This is why I hate people who hate gay people...
And this is what I face, by trying to be a good partner (since I can't be a good spouse):
Are We Being Gouged by Being Gay?
Tuesday November 15, 2005
Federal and state tax laws routinely gouge gay couples in a variety of ways, via inequities in the estate tax, income tax, inheritance tax or gift tax. And when it comes to other important financial issues, like housing, or bequeathing estates, or nursing home care, gay couples must use contract law as the flimsy, threadbare cover to protect their relationships. A rundown of how gay couples get hurt:
Houses. A gay partner whose spouse dies often sees their home going to a family member, as they have no rights to the house. But titling the house as "joint tenants with rights of survivorship" could guarantee a smooth transition to the surviving partner. Doing so can create tax problems. The IRS will count 100% of the value of the house in the taxable estate of the deceased, unless the surviving partner can prove their contribution, says Jennifer Hatch, managing partner of Christopher Street Financial, a New York firm specializing in financial advice for gay couples.
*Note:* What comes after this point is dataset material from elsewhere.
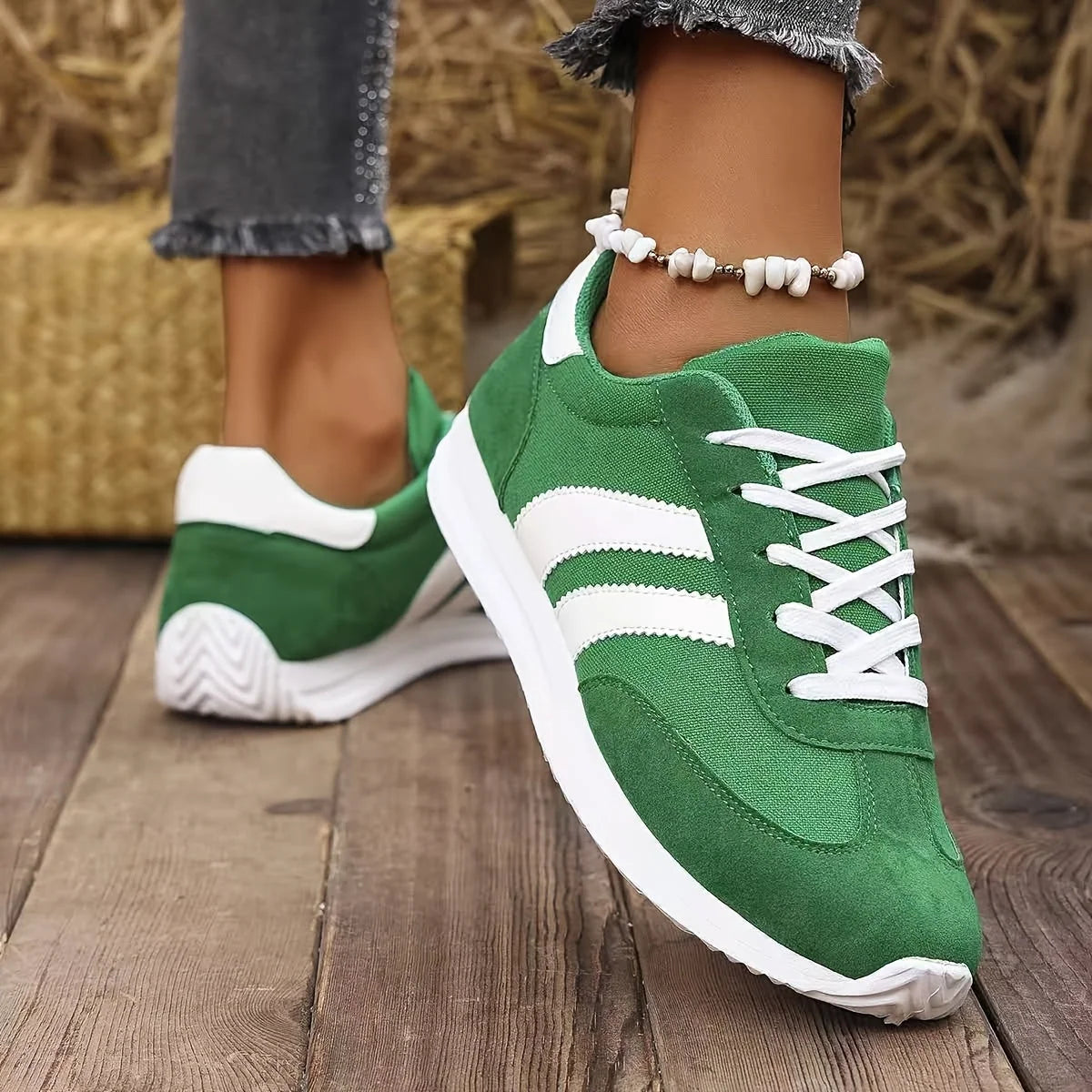 Women's retro trainers with wide toe box and supportive footbed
Employee benefits. Gay couples have to pay income taxes on the value of the employer benefits they get from their partner, such as health care coverage, something straight couples never have to pay. And gay couples' compensation packages, when the value of fringe benefits is added in, are usually less than the compensation of a married person doing the same job.
Tax planning. When it comes to gay couples, the gift tax is the gift that keeps on giving--to the government. Say you and your partner live together, and to do things right, you add her to the deed to your house. Did you know that you must then report the value of half of the house on your taxes? Uncle Sam says you made a gift under the law. Ditto for adding your partner to your bank or brokerage accounts. The IRS says those transactions are gifts that must be reported if they amount to more than $11,000 in a year. A married couple is seen as a single economic unit, so they can transfer anything between them, while same-sex couples are seen as business partners, so all transactions are deemed taxable business deals, says Hatch.
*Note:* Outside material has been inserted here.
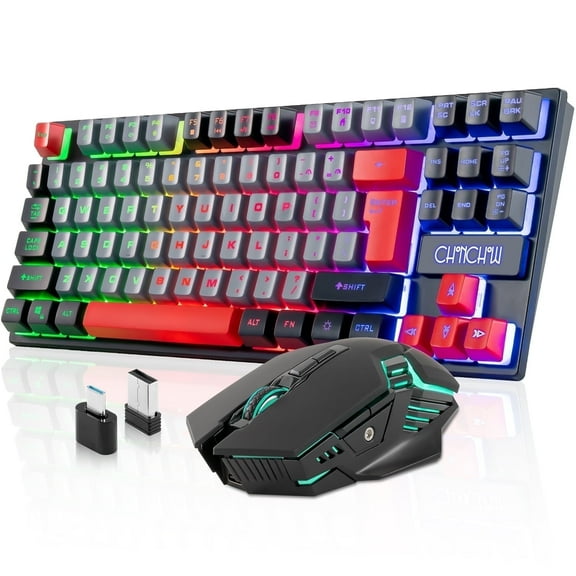 CHONCHOW Long-Lasting Wireless Gaming Keyboard and Mouse, 2500mAh Rechargeable Battery, Mixed Color LED Backlight for PC, Mac, PlayStation, Xbox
Estate Taxes. The "unlimited marital deduction" lets one spouse pass on as much money as he or she wants to the other, free of estate tax. But because Uncle Sam doesn't recognize gay marriage, gay couples can't use this deduction, so they get hit with a big tax bill. And gay couples have to pay extra to take out life-insurance policies on each other in order to fix the problem.
Life insurance. Gay couples may have to fight to establish their right to buy life insurance on each other, if the insurance company challenges the partner's insurable interest. Gay couples need this life insurance to reduce the estate tax hit, because if their estates are large enough, they are taxed twice--upon each partner’s death, Hatch says.
Inheritance Taxes. Some states, including New Jersey and Connecticut, have an inheritance tax for certain “types” of beneficiaries. While straight spouses are exempt, an “unrelated” partner could pay more than 15% of everything inherited.
Social Security. Gay people cannot claim Social Security benefits through their partner's employment, according to tax law, whereas even divorced straight people will receive higher payments based on their spouses’ contribution to the system, says Hatch.
Retirement Accounts. Gay people cannot roll over their partner's retirement account into their own, but must start taking taxable distributions soon after their partner’s death. However, a surviving straight spouse can let the investments compound until mandatory withdrawals at age 70.
Death. Yes gay people still get hurt even when leaving for the great beyond. When their partners die, gay couples must prove their ownership of every item in the house or face a tax bill or even total loss of the items to their partner's next of kin. When a partner dies, gay people often receive no death benefit or continuation of the decedent's pension, though many cities and states including New York City and New York State as well as some corporations allow pension continuation for a partner, Hatch says.